SETTING: ‘{“convergedUXV2FeatureValue”:”2″}’

This is the script I was using to change the MFA setting. Please beware the main.iam.ad.ext.azure.com is not a supported API to script against!

login-azurermaccount

$context = Get-AzureRmContext
$tenantId = $context.Tenant.Id
$refreshToken = @($context.TokenCache.ReadItems() | where {$_.tenantId -eq $tenantId -and $_.ExpiresOn -gt (Get-Date)})[0].RefreshToken
$body = "grant_type=refresh_token&refresh_token=$($refreshToken)&resource=74658136-14ec-4630-ad9b-26e160ff0fc6"
$apiToken = Invoke-RestMethod "https://login.windows.net/$tenantId/oauth2/token" -Method POST -Body $body -ContentType 'application/x-www-form-urlencoded'

$header = @{
'Authorization' = 'Bearer ' + $apiToken.access_token
'Content-Type' = 'application/json'
    'X-Requested-With'= 'XMLHttpRequest'
    'x-ms-client-request-id'= [guid]::NewGuid()
    'x-ms-correlation-id' = [guid]::NewGuid()
    }
$url = "https://main.iam.ad.ext.azure.com/api/Directories/FeatureSettingsProperties"
$contentpart1 = '{"convergedUXV2FeatureValue":"2"}'
$content = $contentpart1
Invoke-RestMethod –Uri $url –Headers $header –Method Put -Body $content -ErrorAction Stop

But nothing happened, no error, nothing. Some time ago I experienced almost the same thing when I was deploying some conditional access rules.

So, I almost forgot this persistent credential problem.

To be sure there were no cached credentials left, I made sure it was cleared.

Set-AzureRmContext -Context ([Microsoft.Azure.Commands.Profile.Models.PSAzureContext]::new())

But even after clearing the cache, it still didn’t work!

Because we are using a dedicated Windows 10 VM to enrol customers I decided to install a new Windows 10 Virtual machine to be 100% sure there were no other cached credentials or other misconfigured settings. After the VM was installed, I installed the azure-rm module to begin testing.

After the required module was installed, I opened a new PowerShell session and copy/pasted the PowerShell script and logged in with my test tenant credentials.

Just like in the other blog I wrote, the tenant id was again not the one corresponding with the wvdcloud tenant itself.

Looking back at the tenant Id in the PowerShell script, It was of course our own production tenant.

This happens because the admin from the test tenant is also a guest inside our own tenant and when you are requesting the tenant id through a AzureRM PowerShell script, sometimes it will show you the tenant id in which you are invited as a guest user. You could also just change the tenant id in the script is self instead of finding it automatically.

To be 100% sure, I was logging in into our own Production tenant, I opened the azure ad sign in log.

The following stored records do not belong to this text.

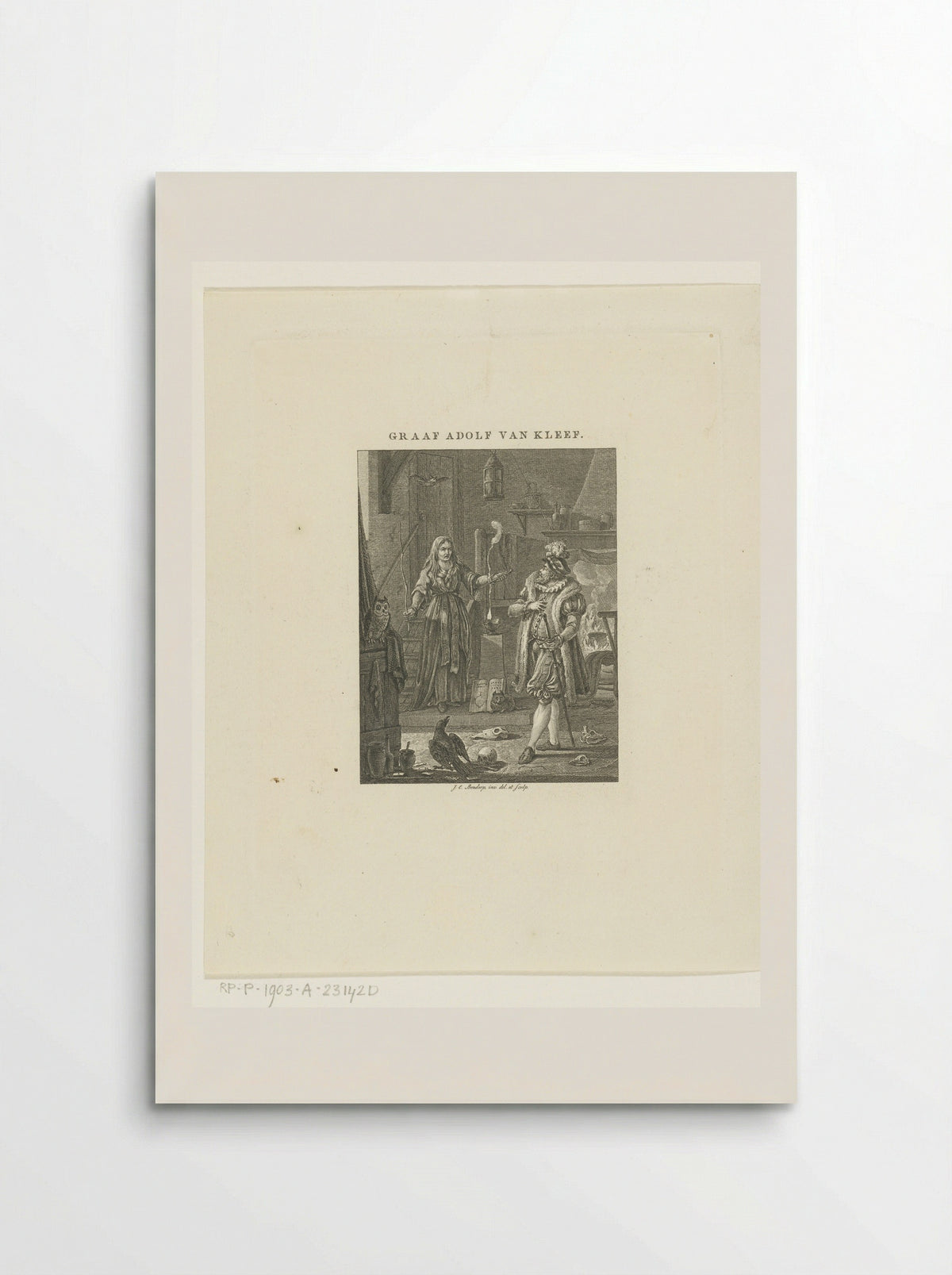 Graaf Adolf van Kleef in de ban van heks - Johannes Immerzeel - Poster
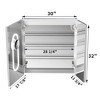 30 in. x 32 in.Built-in or wall-mounted Defogging and Dimming Mirror Cabinet Adjustable Shelf with Outlet and USB - 2 of 4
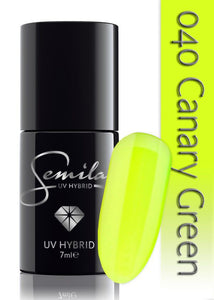Semilac 040 UV Hybrid Canary Green 7ml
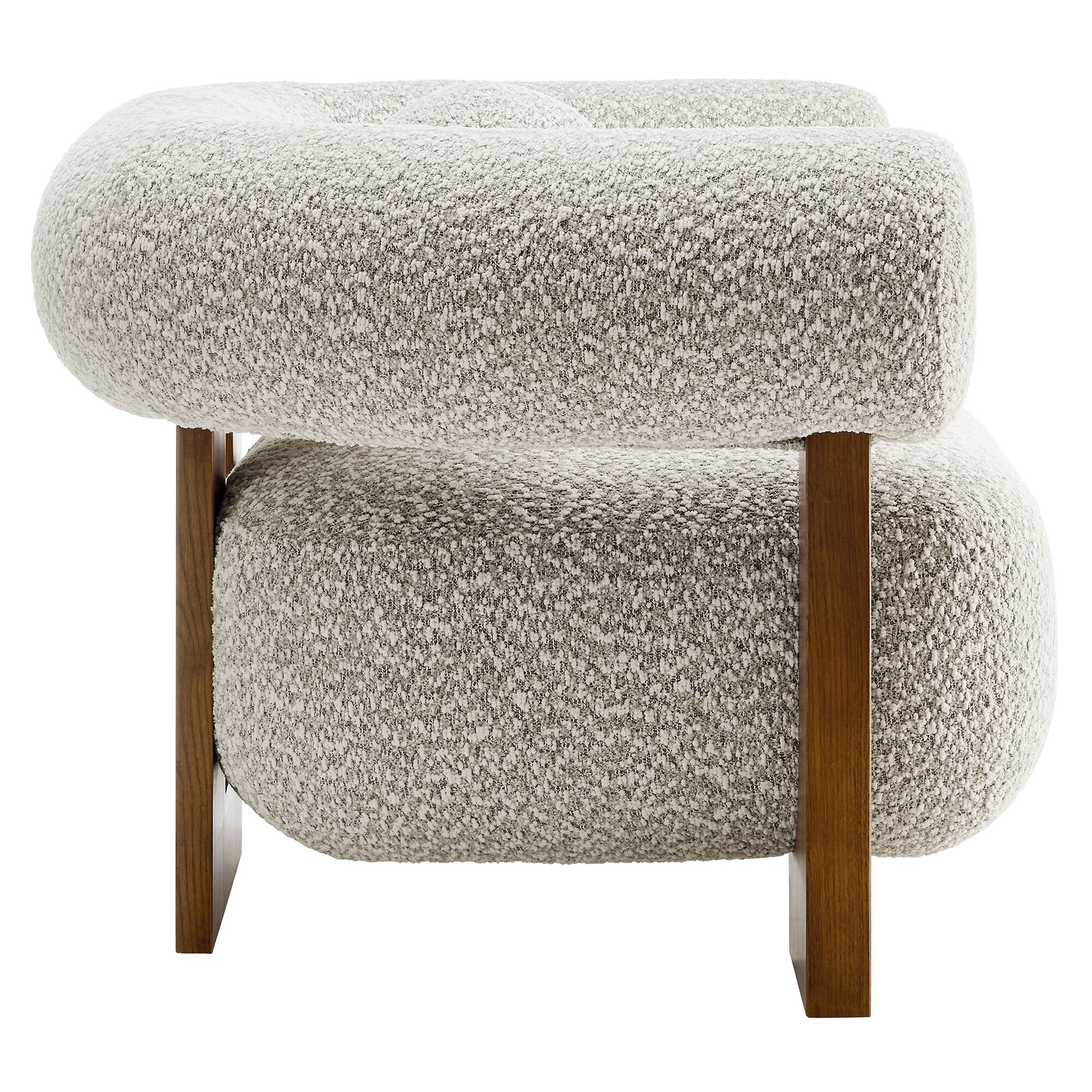 Jace Boucle Accent Chair - Overstock - 41101660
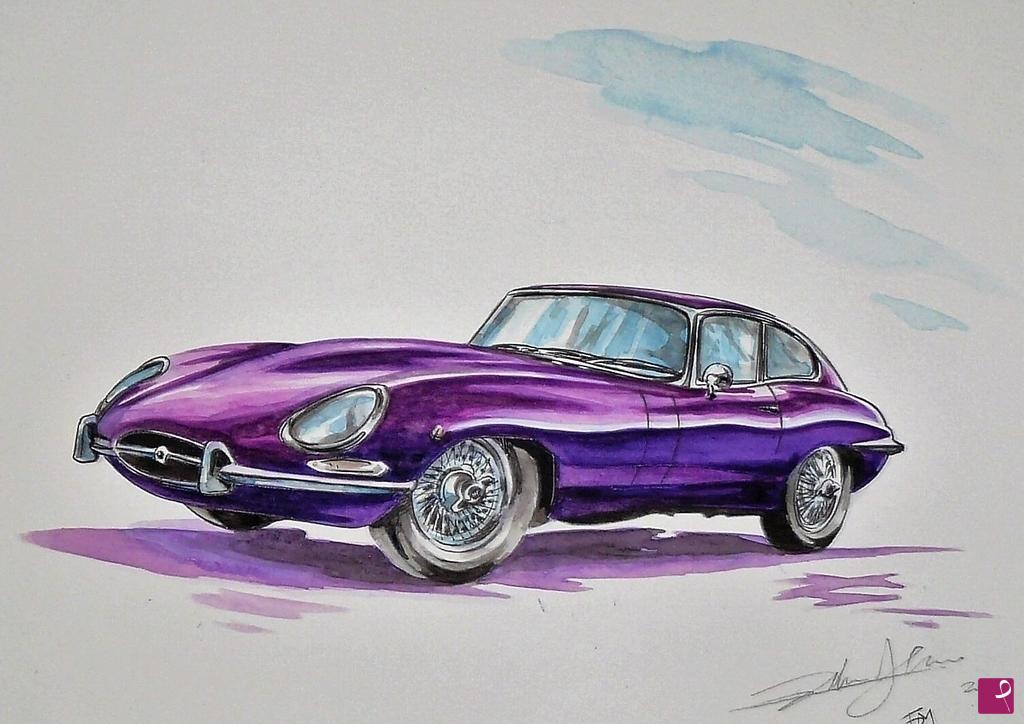 quadri in vendita online - JAGUAR E  COUPE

As shown above, I created a PowerShell session into our own tenant… nothing fancy you might think.

But why on earth can I change this setting when I am just a guest???

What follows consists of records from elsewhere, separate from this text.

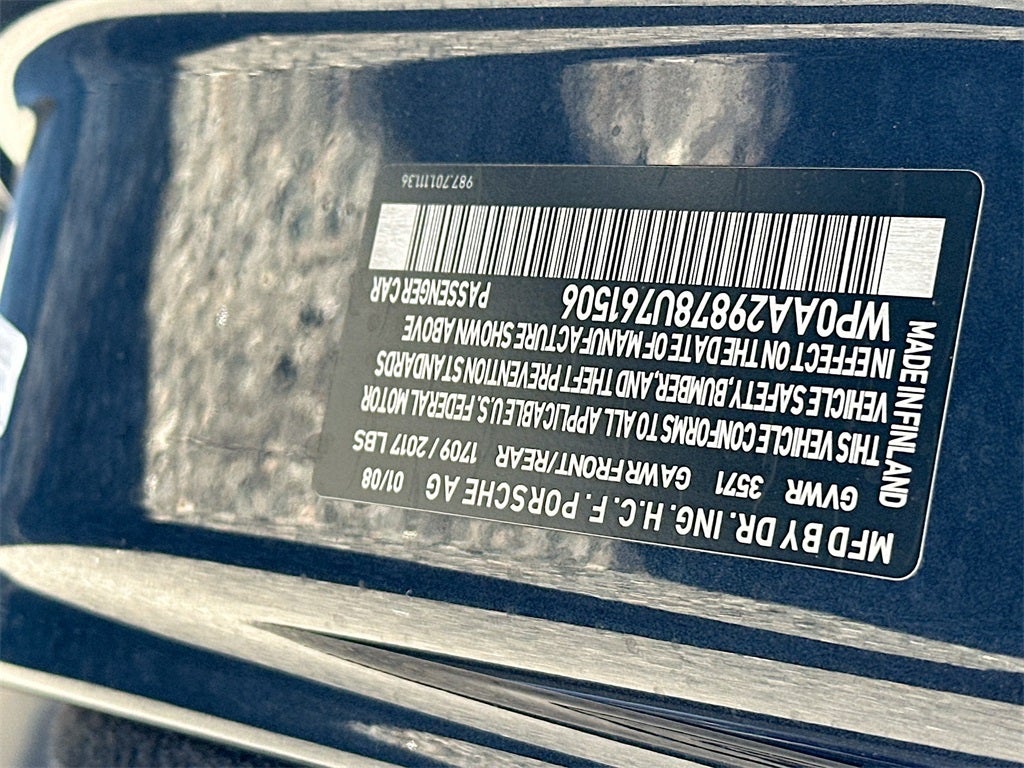 2008 Porsche Cayman Base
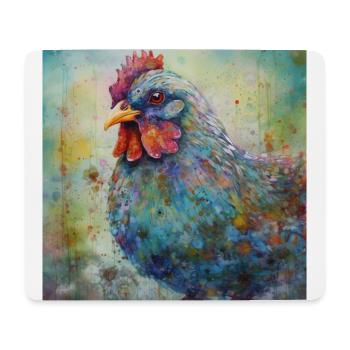 Modern & Colourful Chicken Wall Art by Bodhi - Mouse Pad (horizontal) - white - Front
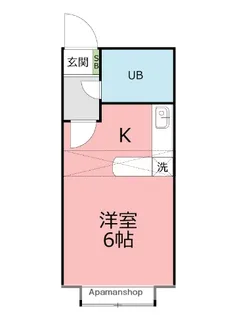 ベルピア辻堂第1ー1【1階】の間取り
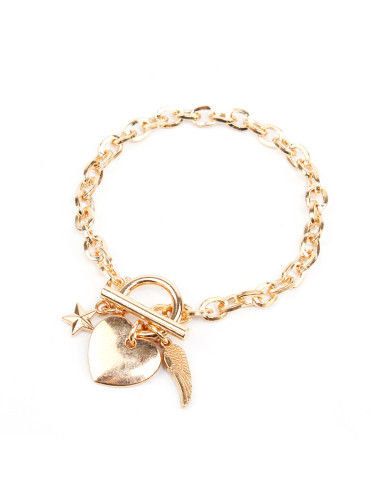 Pulsera Gold Heart | Venta mayorista – Infinita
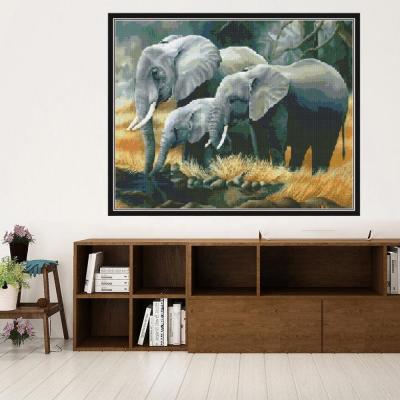 China Environmental materials NKF the family of elephants diamond painting square around the animal rhinestone for sale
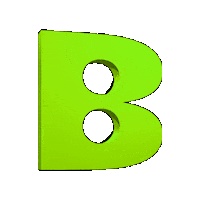 beyondtheorycreative limelight b logo b icon b green Sticker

When you are putting all the pieces together.

  • I logged in with admin@wvdcloud.nl
  • I ended up creating a PowerShell connection to our own Deltacom tenant (IP whitelisted in CA rules to allow PowerShell connections to our tenant)
  • I changed a setting in our own tenant as guest user. I was expecting a 403 error

I wanted to know if I could also change some other settings. I tried almost everything, luckily only the “combined security information registration experience” could be changed. (so far as I have seen)

Okay, maybe I totally screwed something over, so I reversed it. I invited rudy@deltacom.nl in the wvdcloud tenant and tested the same PowerShell script

I created a youtube video to watch:

And to be 100% sure I talked to a good friend and also fellow MVP Jan Bakker and tested the same thing within his tenant… you can guess the outcome 🙂

Conclusion:

The combined security information registration experience is a great improvement but why on earth could a guest user change this setting when using PowerShell???